___ Exercise data
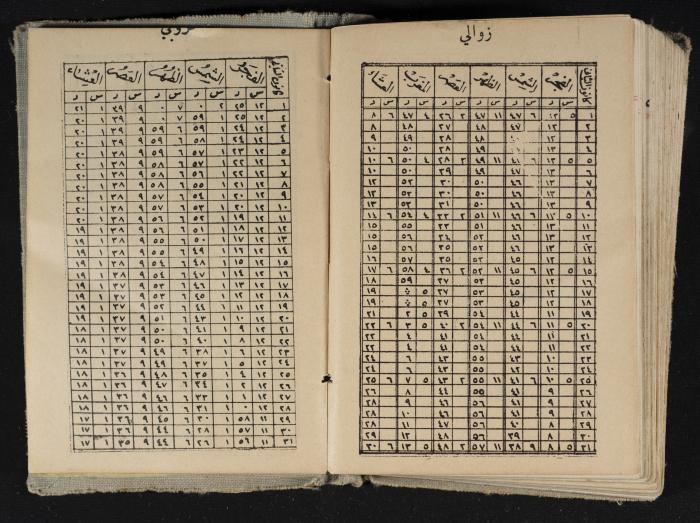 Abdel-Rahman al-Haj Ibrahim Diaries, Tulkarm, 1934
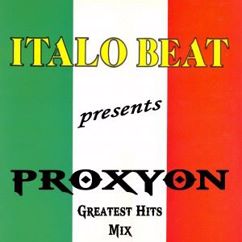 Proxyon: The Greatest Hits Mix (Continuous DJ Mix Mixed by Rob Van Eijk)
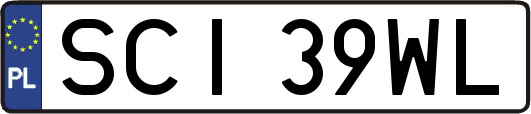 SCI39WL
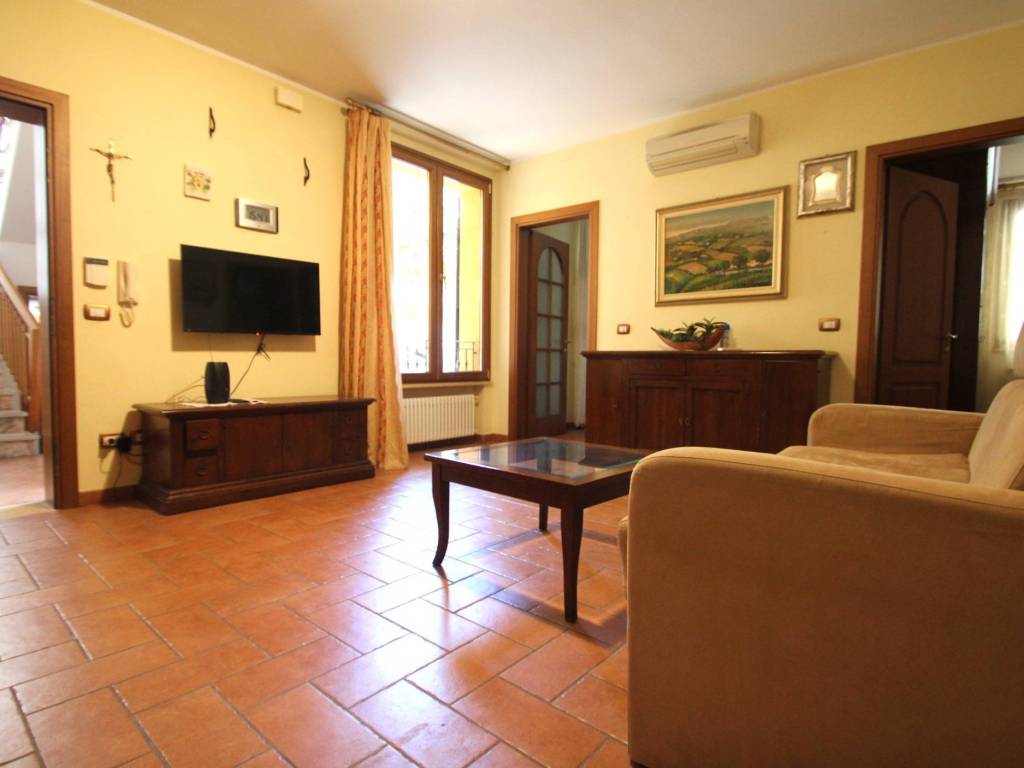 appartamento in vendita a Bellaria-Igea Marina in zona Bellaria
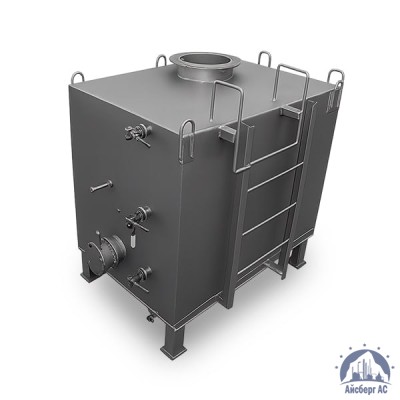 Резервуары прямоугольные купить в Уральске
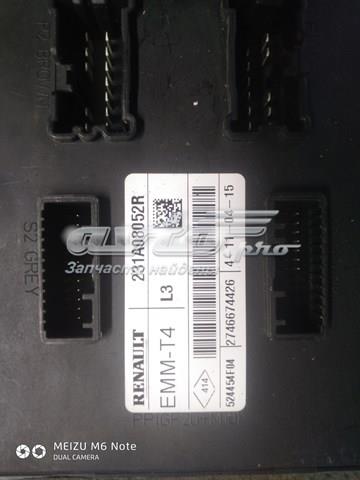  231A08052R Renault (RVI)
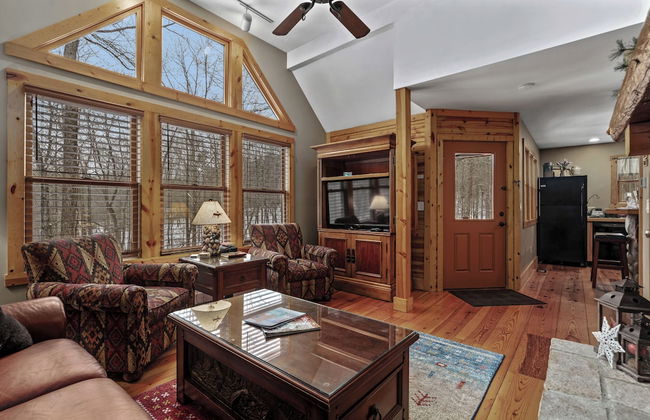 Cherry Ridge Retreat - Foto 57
______
[Exercise requirements]
Output all lines above precisely. Pictures are to be left out.

[Exercise response]
 Abdel-Rahman al-Haj Ibrahim Diaries, Tulkarm, 1934
 Proxyon: The Greatest Hits Mix (Continuous DJ Mix Mixed by Rob Van Eijk)
 SCI39WL
 appartamento in vendita a Bellaria-Igea Marina in zona Bellaria
 Резервуары прямоугольные купить в Уральске
  231A08052R Renault (RVI)
 Cherry Ridge Retreat - Foto 57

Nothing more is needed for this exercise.